▶ Work order
Pictures stay out; everything else in the records below is copied exactly.

▶ Recorded data
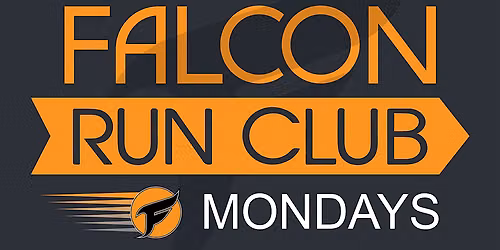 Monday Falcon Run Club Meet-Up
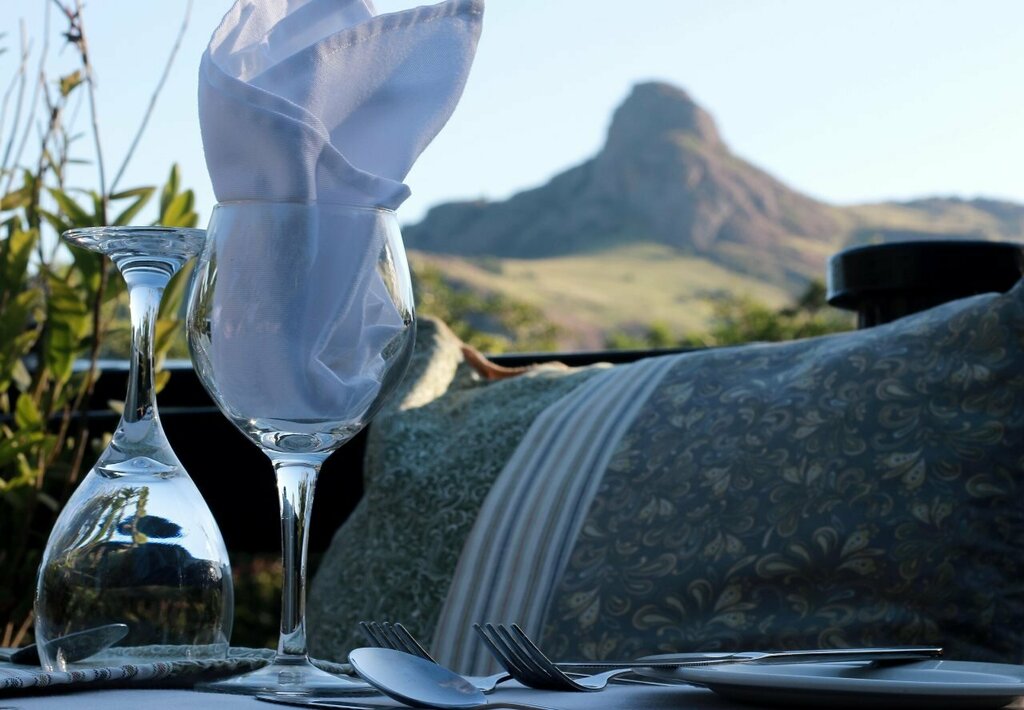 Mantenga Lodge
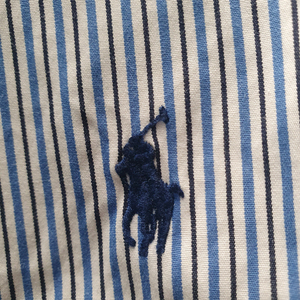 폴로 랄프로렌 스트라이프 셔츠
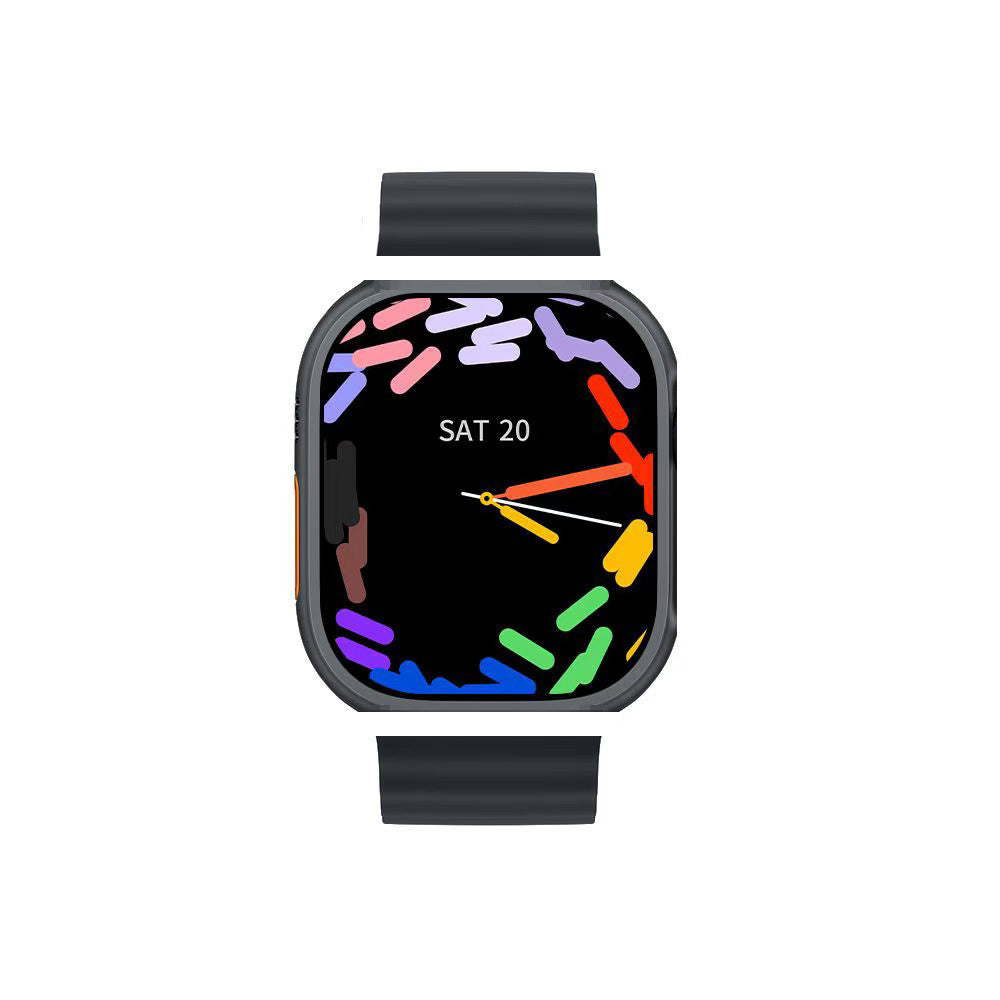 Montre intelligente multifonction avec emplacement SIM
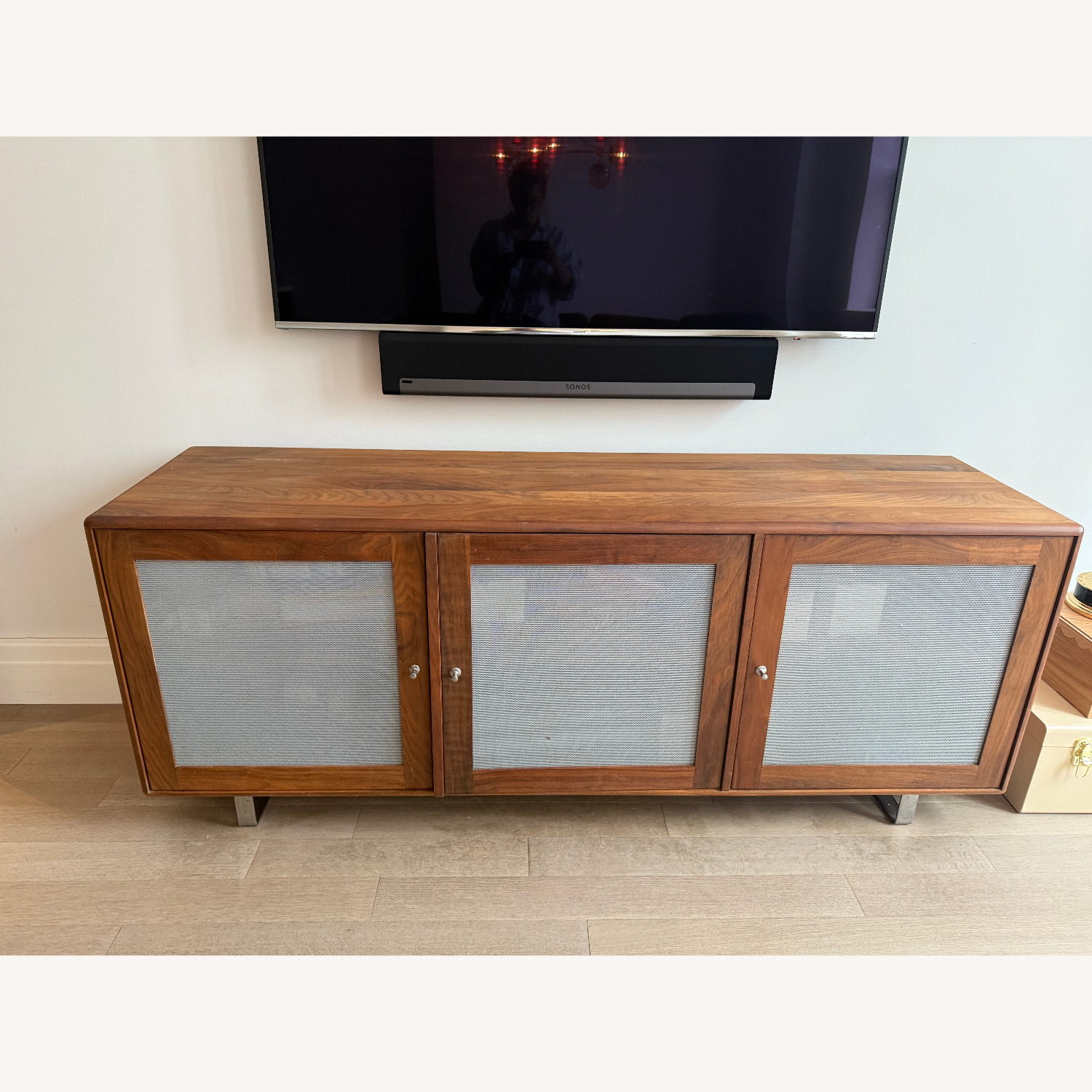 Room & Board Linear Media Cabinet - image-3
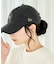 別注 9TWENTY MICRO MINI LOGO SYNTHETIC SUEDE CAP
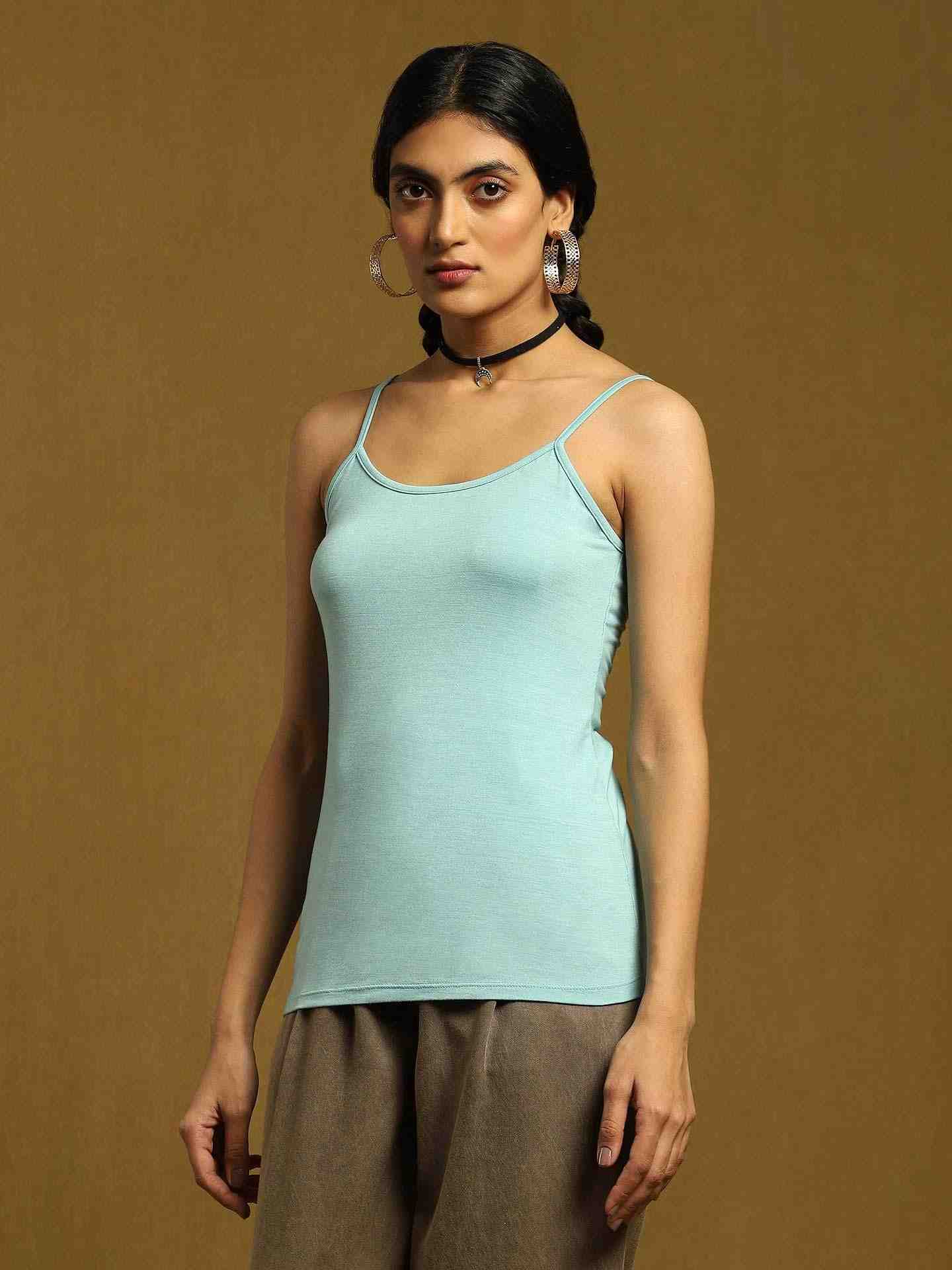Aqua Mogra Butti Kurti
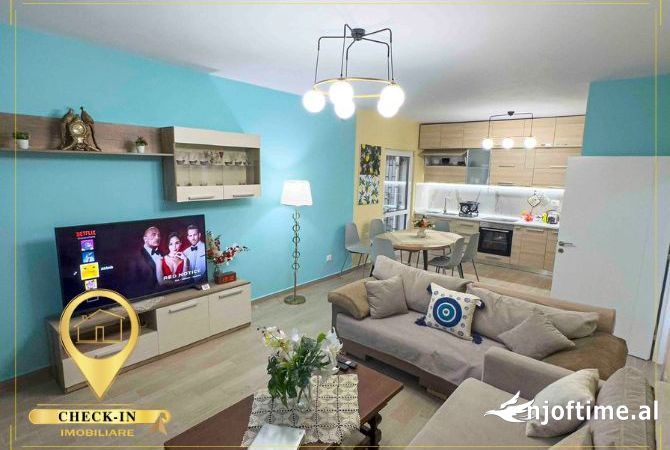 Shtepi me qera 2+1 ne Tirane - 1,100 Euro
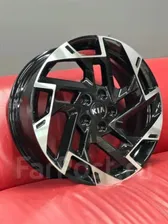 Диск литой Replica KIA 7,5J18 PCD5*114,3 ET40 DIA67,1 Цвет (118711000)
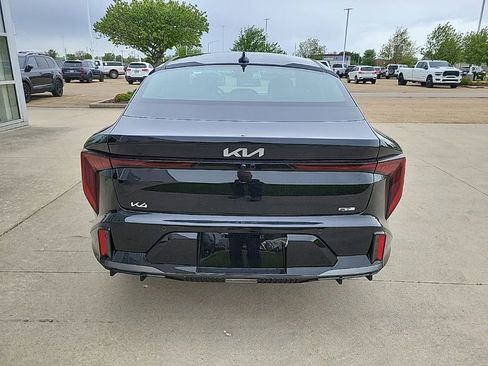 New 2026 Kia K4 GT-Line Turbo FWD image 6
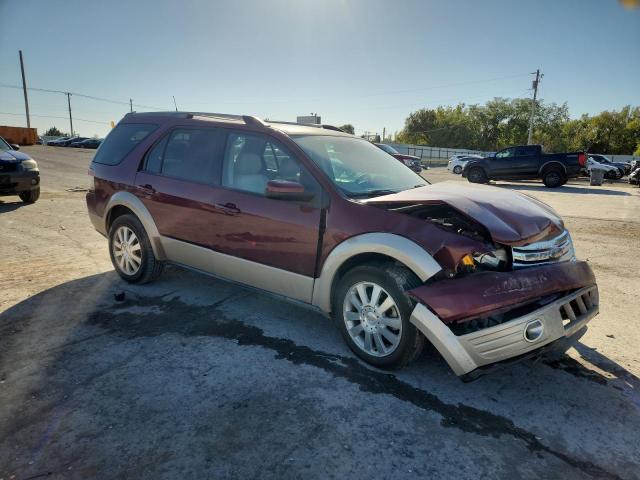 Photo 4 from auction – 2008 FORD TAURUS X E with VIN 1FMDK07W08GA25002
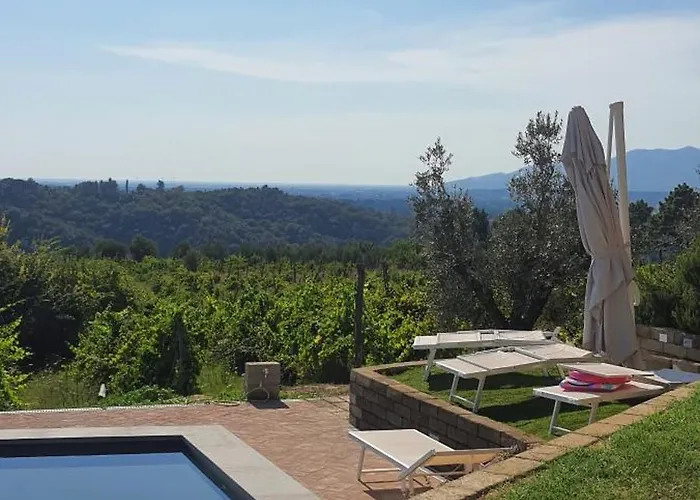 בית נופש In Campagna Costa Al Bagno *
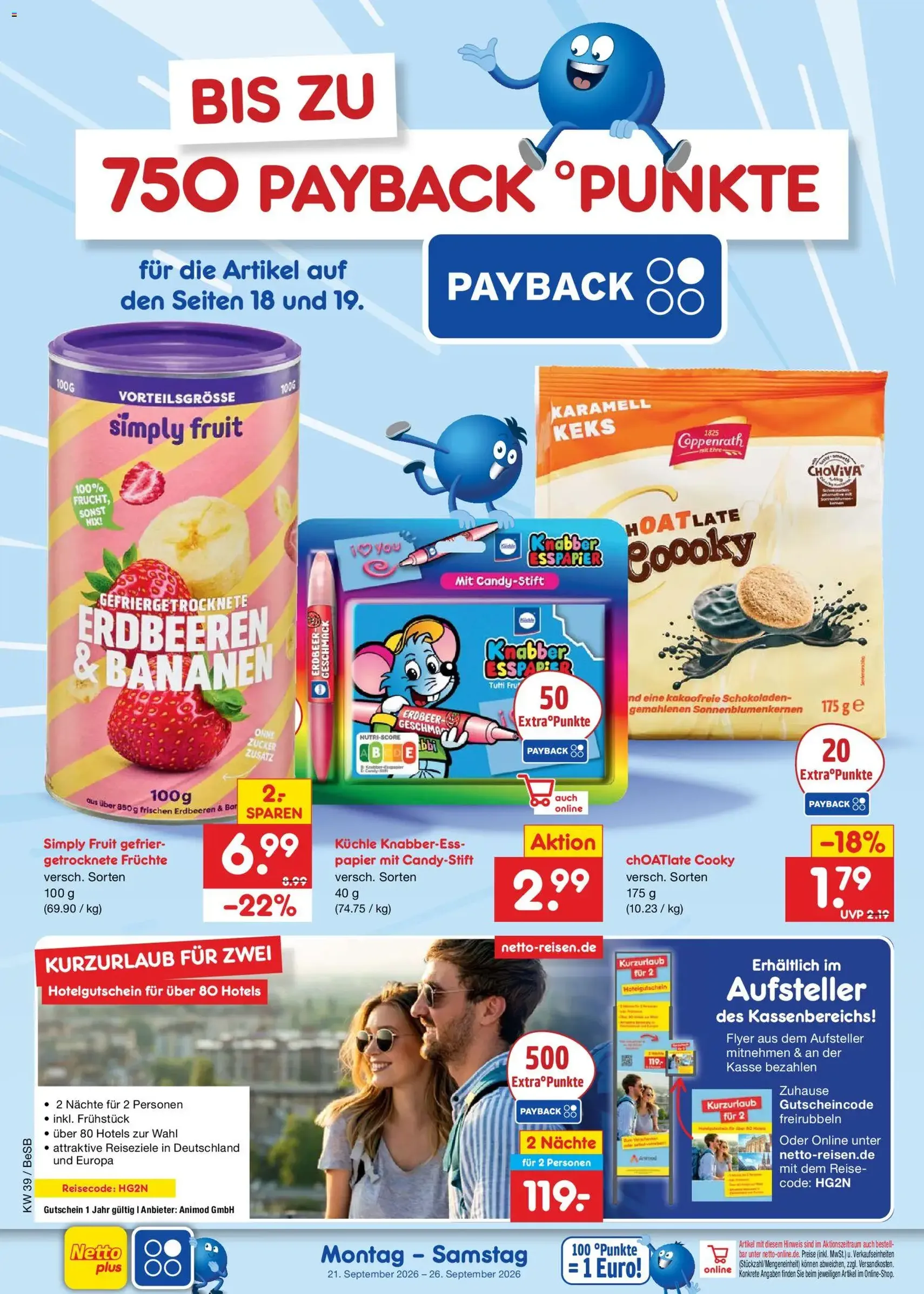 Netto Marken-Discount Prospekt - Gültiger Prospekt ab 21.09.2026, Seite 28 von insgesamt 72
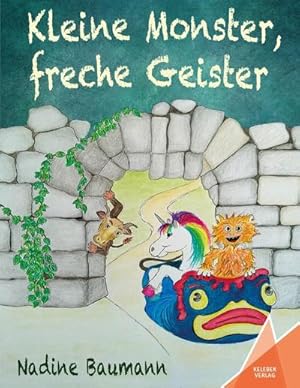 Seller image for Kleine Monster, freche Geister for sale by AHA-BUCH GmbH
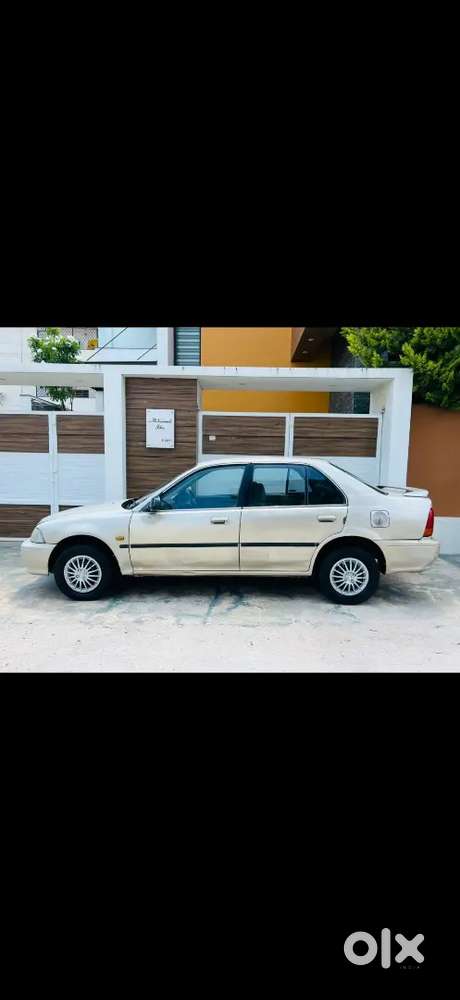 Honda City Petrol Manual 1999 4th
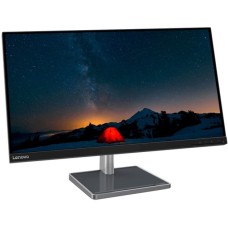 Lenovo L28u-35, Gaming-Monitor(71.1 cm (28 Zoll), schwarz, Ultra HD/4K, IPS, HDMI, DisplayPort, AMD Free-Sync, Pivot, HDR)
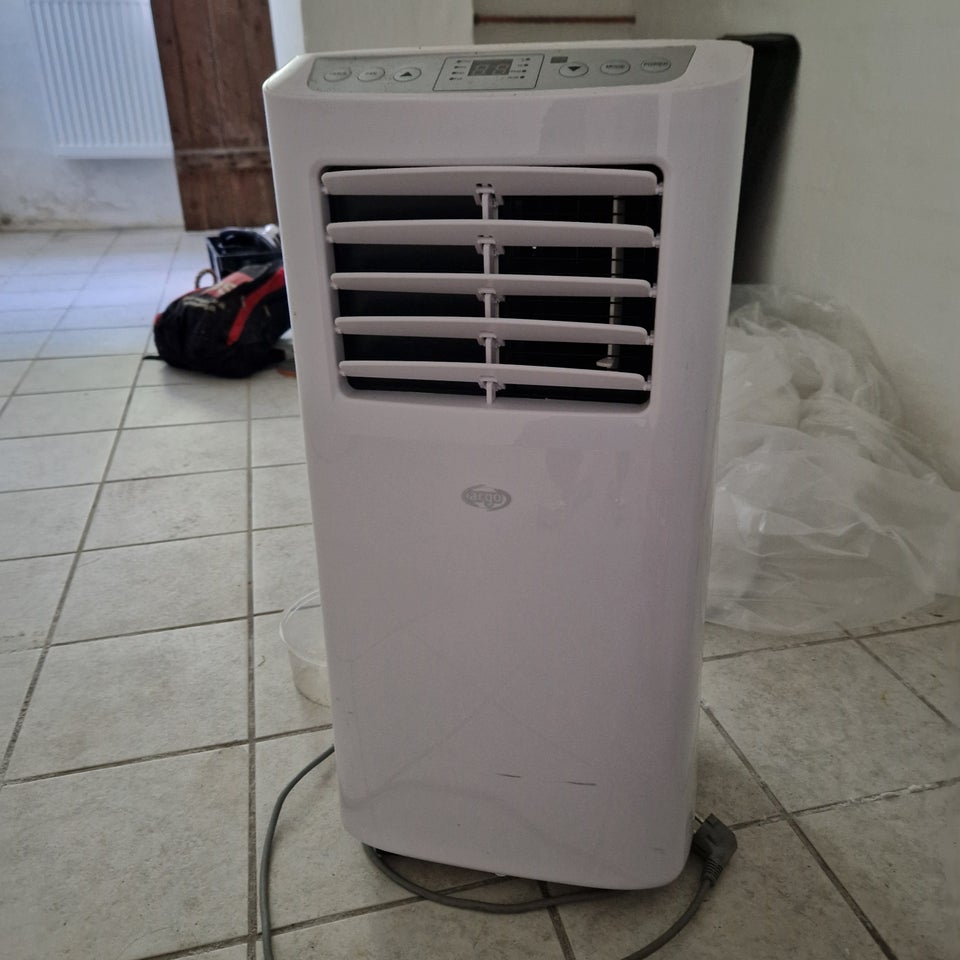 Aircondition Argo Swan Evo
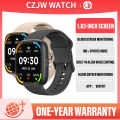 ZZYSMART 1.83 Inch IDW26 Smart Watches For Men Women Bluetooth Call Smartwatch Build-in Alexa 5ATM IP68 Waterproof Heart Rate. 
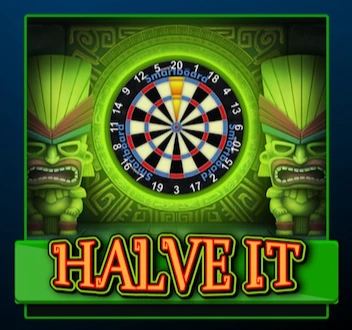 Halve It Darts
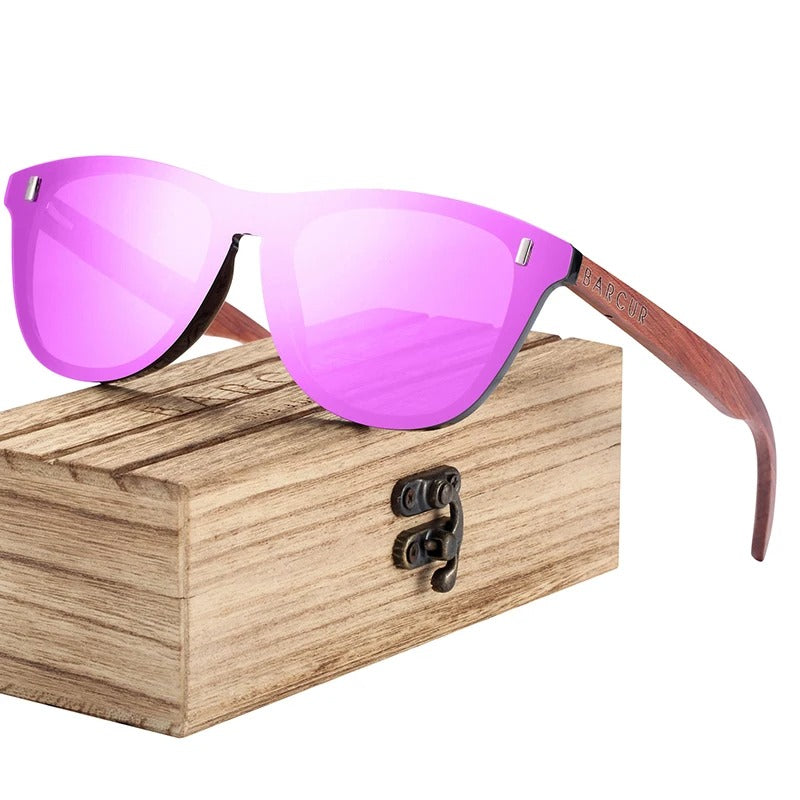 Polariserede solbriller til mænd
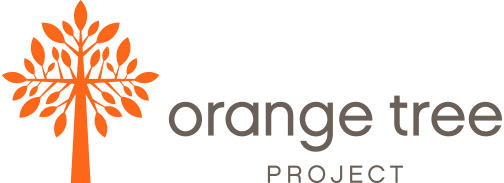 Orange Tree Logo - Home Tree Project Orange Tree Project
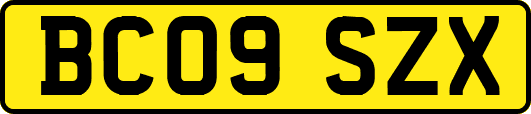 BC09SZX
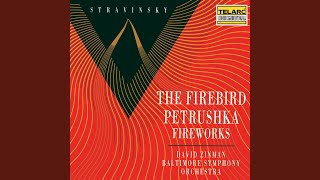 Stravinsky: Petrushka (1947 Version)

▶ Answer below
 Monday Falcon Run Club Meet-Up
 Mantenga Lodge
 폴로 랄프로렌 스트라이프 셔츠
 Montre intelligente multifonction avec emplacement SIM
 Room & Board Linear Media Cabinet - image-3
 別注 9TWENTY MICRO MINI LOGO SYNTHETIC SUEDE CAP
Aqua Mogra Butti Kurti
 Shtepi me qera 2+1 ne Tirane - 1,100 Euro
 Диск литой Replica KIA 7,5J18 PCD5*114,3 ET40 DIA67,1 Цвет (118711000)
 New 2026 Kia K4 GT-Line Turbo FWD image 6
 Photo 4 from auction – 2008 FORD TAURUS X E with VIN 1FMDK07W08GA25002
 בית נופש In Campagna Costa Al Bagno *
 Netto Marken-Discount Prospekt - Gültiger Prospekt ab 21.09.2026, Seite 28 von insgesamt 72
 Seller image for Kleine Monster, freche Geister for sale by AHA-BUCH GmbH
 Honda City Petrol Manual 1999 4th
 Lenovo L28u-35, Gaming-Monitor(71.1 cm (28 Zoll), schwarz, Ultra HD/4K, IPS, HDMI, DisplayPort, AMD Free-Sync, Pivot, HDR)
 Aircondition Argo Swan Evo
 ZZYSMART 1.83 Inch IDW26 Smart Watches For Men Women Bluetooth Call Smartwatch Build-in Alexa 5ATM IP68 Waterproof Heart Rate. 
 Halve It Darts
 Polariserede solbriller til mænd
 Orange Tree Logo - Home Tree Project Orange Tree Project
 BC09SZX
 Stravinsky: Petrushka (1947 Version)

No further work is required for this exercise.